* _What needs to be done_:
Only the lines below between the ones containing "MD license plate 0BG2184" and "PHD Primera Matratzenschoner", inclusive, are to be reproduced, each exactly as it stands.

* _Entries supplied_:
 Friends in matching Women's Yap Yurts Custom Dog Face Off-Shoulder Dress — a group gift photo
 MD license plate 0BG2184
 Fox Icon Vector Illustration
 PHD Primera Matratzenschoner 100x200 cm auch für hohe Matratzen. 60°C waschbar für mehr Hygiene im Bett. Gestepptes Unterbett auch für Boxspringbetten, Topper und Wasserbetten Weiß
==
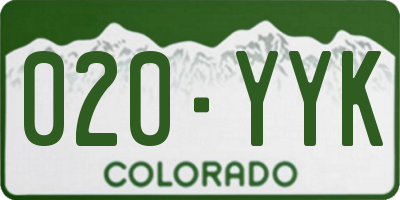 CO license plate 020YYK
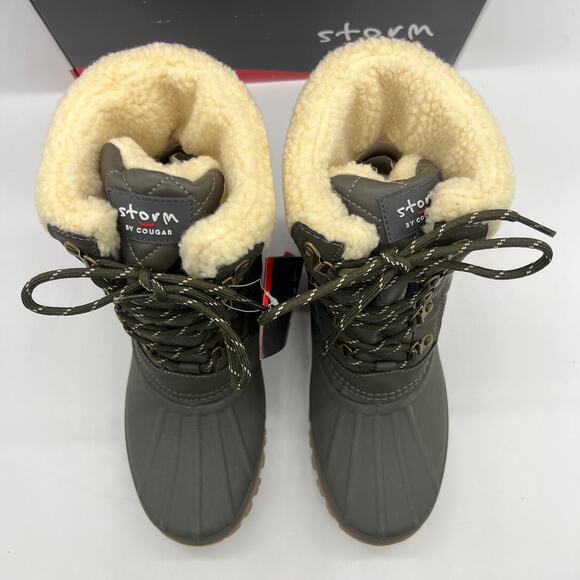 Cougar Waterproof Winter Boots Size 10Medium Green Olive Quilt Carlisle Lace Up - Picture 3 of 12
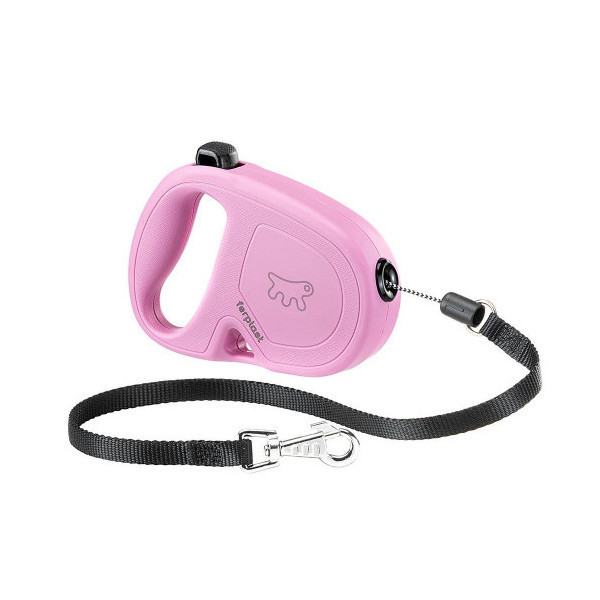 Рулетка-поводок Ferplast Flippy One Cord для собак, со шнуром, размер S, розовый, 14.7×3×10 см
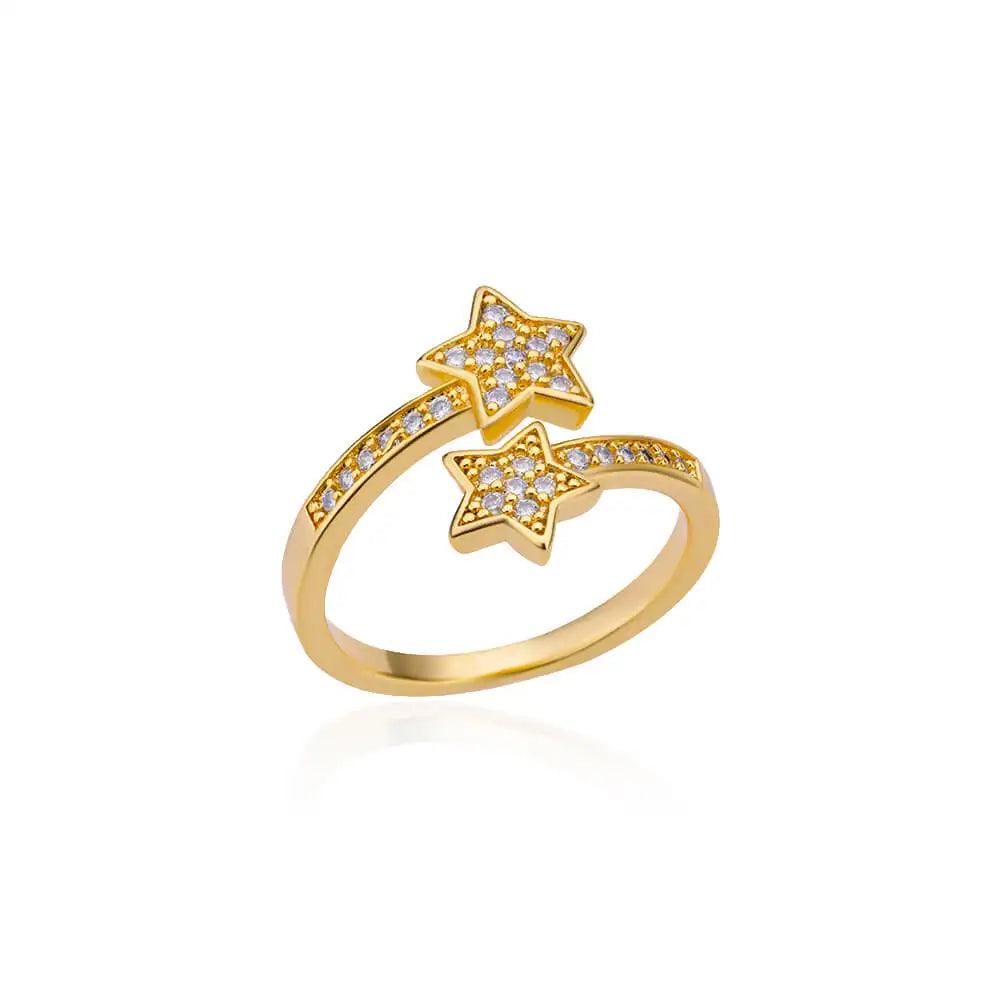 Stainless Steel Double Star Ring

* _Written response_:
 MD license plate 0BG2184
 Fox Icon Vector Illustration
 PHD Primera Matratzenschoner 100x200 cm auch für hohe Matratzen. 60°C waschbar für mehr Hygiene im Bett. Gestepptes Unterbett auch für Boxspringbetten, Topper und Wasserbetten Weiß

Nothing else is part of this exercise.